Analyses were performed using IBM SPSS Statistics version 20 for Windows (IBM, Armonk, NY). *Z *scores were calculated for the MV and AoV using the equations provided by Daubeney *et al *., Zilberman *et al *., and Pettersen *et al *. For Zilberman *et al *., the gender-specific equations were applied. Agreement among the *Z *scores was analyzed using intraclass correlation coefficients and Bland-Altman plots. Graphs were constructed calculating the difference between the two measurements, against the average of the two measurements. The limits of agreement involving the mean difference, and the standard deviation of the difference, were computed. Plots were constructed using GraphPad Prism 5.04 for Windows (GraphPad Software, San Diego, CA).

## Results

## Literature Search

Five different methods were identified to calculate *Z *scores of the MV and AoV annuli in HLHC: Kirklin and Barratt-Boyes (1993), Serraf *et al *. (1999), Daubeney *et al *. (1999), Zilberman *et al *. (2008), and Pettersen et al. (2008). Daubeney *et al *., Zilberman *et al *., and Pettersen *et al *. all used normal values derived from two-dimensional echocardiography; therefore, these methods were used for further evaluation in the present study. In addition, publications discussing HLHC, neonatal coarctation, and neonatal AoV stenosis were reviewed to identify the methods used to measure dimensions and to calculate *Z *scores (see Table 1 ).

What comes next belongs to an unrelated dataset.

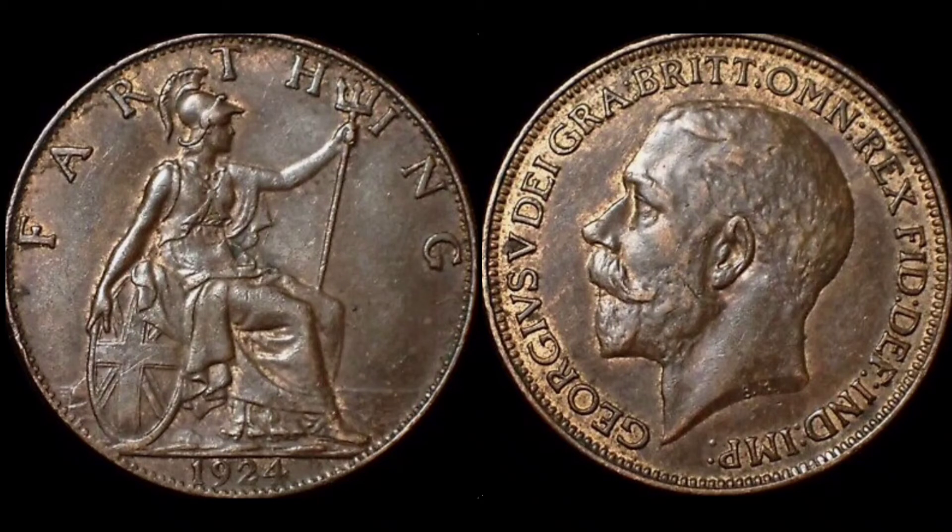What does that mean for the true value of the coin? A perfect uncirculated example will fetch between £11 and £13. A good quality coin like the one you see on screen now: four to five pounds — and worth every single penny in my opinion.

Study | Number of patients | Type of patients | MV Z score |
AoV Z score |
Comment ^{∗ } |
---|---|---|---|---|---|

Tchervenkov et al . (1998) |
11 | HLHC | Yes | Yes | Z -score calculation according to Kirklin and Barratt-Boyes, LV/RV long-axis ratio, LVEDD |

Blaufox et al . (1998) |
7 | HLHC/CoA | No | No | Indexed LV volume, indexed MV area, LV/RV long-axis ratio, LVEDD |

Alboliras et al . (1999) |
8 | HLHC/CoA | No | No | Indexed MV area, indexed aortic annulus, indexed LV length, LVEDD |

Serraf et al . (1999) |
20 | HLHC | Yes | Yes | Own Z -score calculation as described in text, LVEDD |

Tani et al . (2000) |
63 | CoA | No | No | MV and AoV annuli, Rhodes score, LV/RV long-axis ratio, LVEDD |

Grosse-Wortmann et al . (2008) |
12 | HLHC | Yes | Yes | Z score Daubeney et al ., LVEDD, MRI-derived LV and RV volumes |

Puchalski et al . (2004) |
55 | CoA/HLHC | Yes | Yes | Z score Daubeney et al ., LV/RV long-axis ratio, LVEDD |

Phoon and Silverman (1997) | 22 | RV volume overload | No | No | RV and LV volume (echocardiography derived) |

Rhodes et al . (1991) |
65 | Valvar AS | No | No | Diameter of AoV annulus (mm), indexed MV area, indexed LV length and volume |

McElhinney et al . (2005) |
113 | Valvar AS | Yes | Yes | MV area Z score, Z score calculated on the basis of data obtained at their institution, Z -score formula not mentioned; LV/RV long-axis-ratio, LVEDD |

Han et al . (2007) |
53 | Valvar AS | Yes | Yes | Z score Daubeney et al ., LVEDD, LV length |

∗ Mode of *Z *-score calculation is explained, and any determinations of LV length or volume are mentioned.

## Regression Equations

Daubeney *et al *., Zilberman *et al *., and Pettersen *et al *. indexed mean mitral and aortic diameters to the natural logarithm of BSA as the predictor. To prevent heteroscedasticity (the larger the BSA, the larger the variance), the authors stabilized the variances by performing a logarithmic transformation on the measurements, using the natural logarithm. In all three publications, the following equation was used to calculate the *Z *score: Z = [ln(measured valve diameter) – ln(mean normal value of valve diameter)]/v(mean square error), where ln(measured valve diameter) is the natural logarithm of the measured valve diameter (in centimeters), and ln(mean normal value of valve diameter) and the root mean square error are calculated values. These values were calculated using the equations published by Daubeney *et al *., Zilberman *et al *., and Pettersen *et al *. These equations are summarized in Table 2 .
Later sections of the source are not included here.